[Start of section]

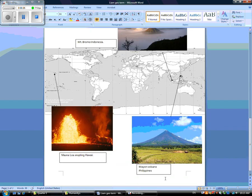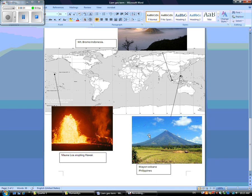This is Mayon volcano in the Philippines. It is the only volcano in the world that has a perfect cratered top.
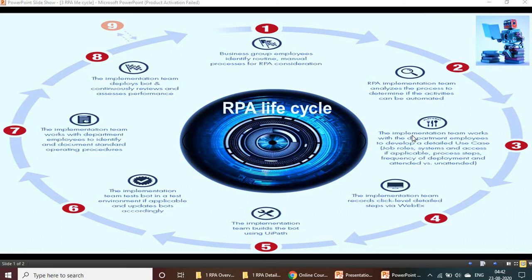The implementation team works with department employees to develop a detailed use case covering job roles, system access if applicable, process steps, frequency of deployment, and whether it is attended or unattended. Attended means there is manual intervention required — even after RPA automation, some logical thinking or guidance is needed that cannot be set as rules, so we need a human. That is called attended.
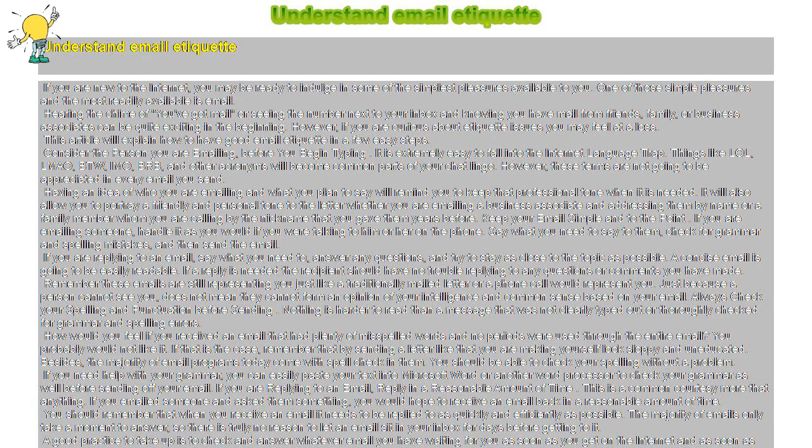How would you feel if you received an email that had plenty of misspelled words and no periods were used through the entire email? If that is the case, remember that by sending a letter like that you are making yourself look sloppy and uneducated.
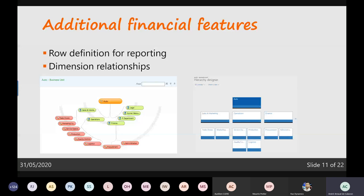Next to the purposes defined in the system, there's also support for some financial features. We can use row definitions for reporting, and we can create dimension relationships — just like shown in the Human Resources environment — where there could be a relation between departments and cost centers. The left picture is a screenshot from AX 2012, so you can see the same information is there but the look and feel is different.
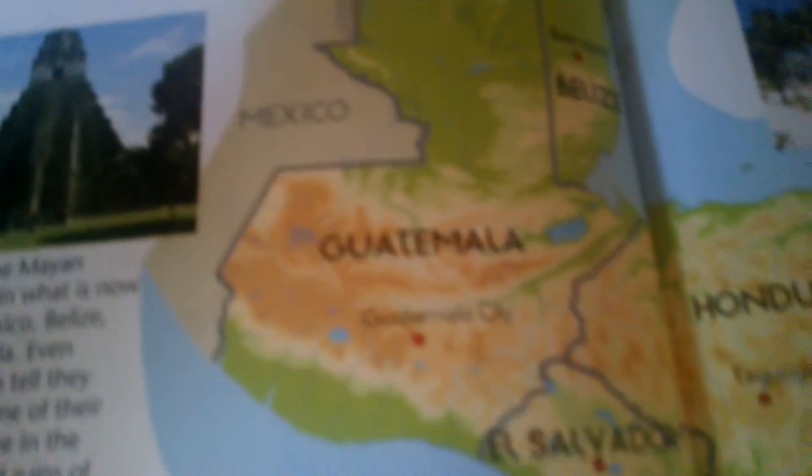Next we got Guatemala — Guatemala City for that one. Next we got Belize. That's Belmopan, Belize.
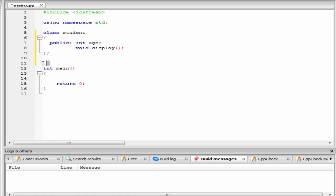This is a scope resolution operator. To define a member function of a class outside the class definition, first we have to write the return type of the function. That is void. Then we need to specify the class name to which the function belongs. That is student.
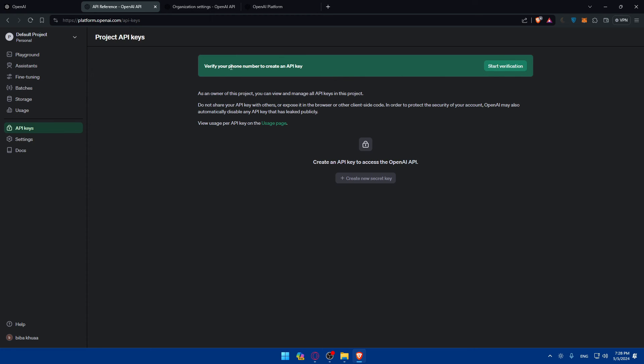I'm not going to do that because my phone is verified on another account, so I'll not be able to verify this account. For you, just verify it and then click on create a new secret key and you'll be able to get your API key as simple as that. So that's going to be it for me today. Thank you for watching and goodbye.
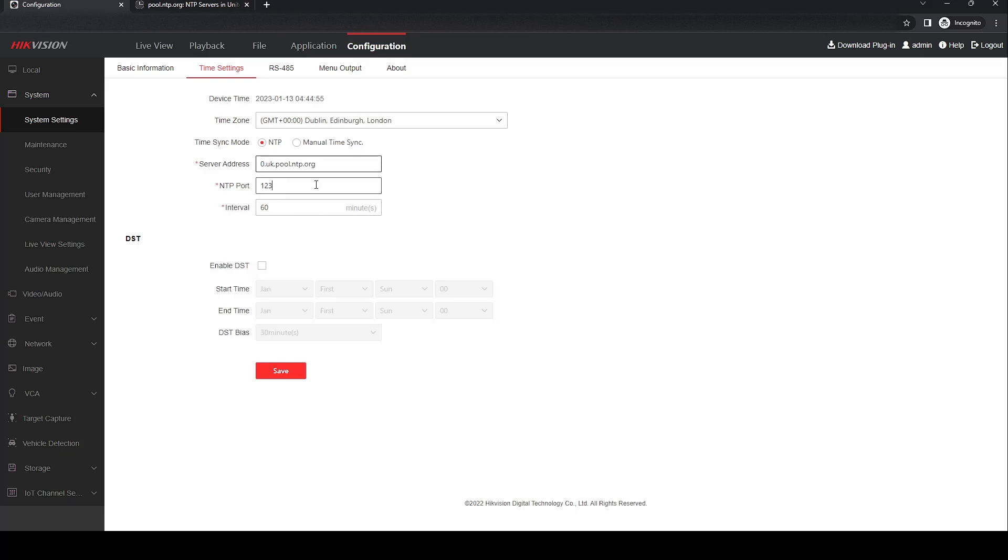Leave the NTP port as 123 and the interval is 60 minutes. You can change this, but this is the time between the recorder pinging over to the NTP server to make sure the time is correct. So 60 minutes is a good choice.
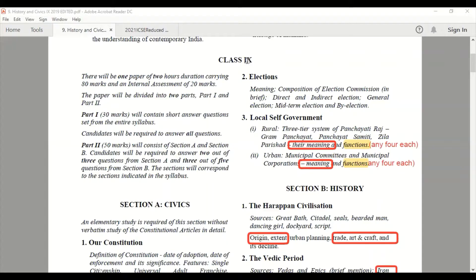Hey students, welcome to today's video. Do you know the ICSE board has cut many topics of history and civics? Let's go to today's video to know more about it. This is the class 9 ICSE syllabus.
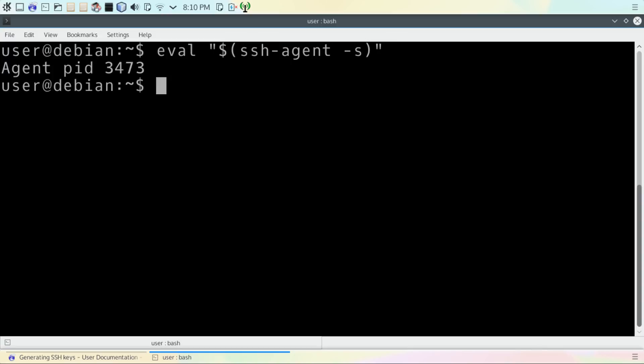If the command to do so worked, it will give you a process ID number. It will not necessarily be this ID number that you're seeing on the screen now. You will probably have a different number.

[End of section]

*Work item*: Omit the images; transcribe the listing verbatim.

*Your response*:
This is Mayon volcano in the Philippines. It is the only volcano in the world that has a perfect cratered top.
The implementation team works with department employees to develop a detailed use case covering job roles, system access if applicable, process steps, frequency of deployment, and whether it is attended or unattended. Attended means there is manual intervention required — even after RPA automation, some logical thinking or guidance is needed that cannot be set as rules, so we need a human. That is called attended.
How would you feel if you received an email that had plenty of misspelled words and no periods were used through the entire email? If that is the case, remember that by sending a letter like that you are making yourself look sloppy and uneducated.
Next to the purposes defined in the system, there's also support for some financial features. We can use row definitions for reporting, and we can create dimension relationships — just like shown in the Human Resources environment — where there could be a relation between departments and cost centers. The left picture is a screenshot from AX 2012, so you can see the same information is there but the look and feel is different.
Next we got Guatemala — Guatemala City for that one. Next we got Belize. That's Belmopan, Belize.
This is a scope resolution operator. To define a member function of a class outside the class definition, first we have to write the return type of the function. That is void. Then we need to specify the class name to which the function belongs. That is student.
I'm not going to do that because my phone is verified on another account, so I'll not be able to verify this account. For you, just verify it and then click on create a new secret key and you'll be able to get your API key as simple as that. So that's going to be it for me today. Thank you for watching and goodbye.
Leave the NTP port as 123 and the interval is 60 minutes. You can change this, but this is the time between the recorder pinging over to the NTP server to make sure the time is correct. So 60 minutes is a good choice.
Hey students, welcome to today's video. Do you know the ICSE board has cut many topics of history and civics? Let's go to today's video to know more about it. This is the class 9 ICSE syllabus.
If the command to do so worked, it will give you a process ID number. It will not necessarily be this ID number that you're seeing on the screen now. You will probably have a different number.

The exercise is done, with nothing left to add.